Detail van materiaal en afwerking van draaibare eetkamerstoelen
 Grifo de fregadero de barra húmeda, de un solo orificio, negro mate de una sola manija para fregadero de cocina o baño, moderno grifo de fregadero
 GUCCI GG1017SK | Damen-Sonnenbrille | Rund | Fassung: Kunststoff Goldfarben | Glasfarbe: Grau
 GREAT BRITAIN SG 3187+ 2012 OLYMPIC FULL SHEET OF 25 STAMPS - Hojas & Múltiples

Problem requirements =>
In the listing above, the line with "Grifo de fregadero de" starts the part to copy. Copy it through the last line exactly, with nothing else.

Output for this task =>
 Grifo de fregadero de barra húmeda, de un solo orificio, negro mate de una sola manija para fregadero de cocina o baño, moderno grifo de fregadero
 GUCCI GG1017SK | Damen-Sonnenbrille | Rund | Fassung: Kunststoff Goldfarben | Glasfarbe: Grau
 GREAT BRITAIN SG 3187+ 2012 OLYMPIC FULL SHEET OF 25 STAMPS - Hojas & Múltiples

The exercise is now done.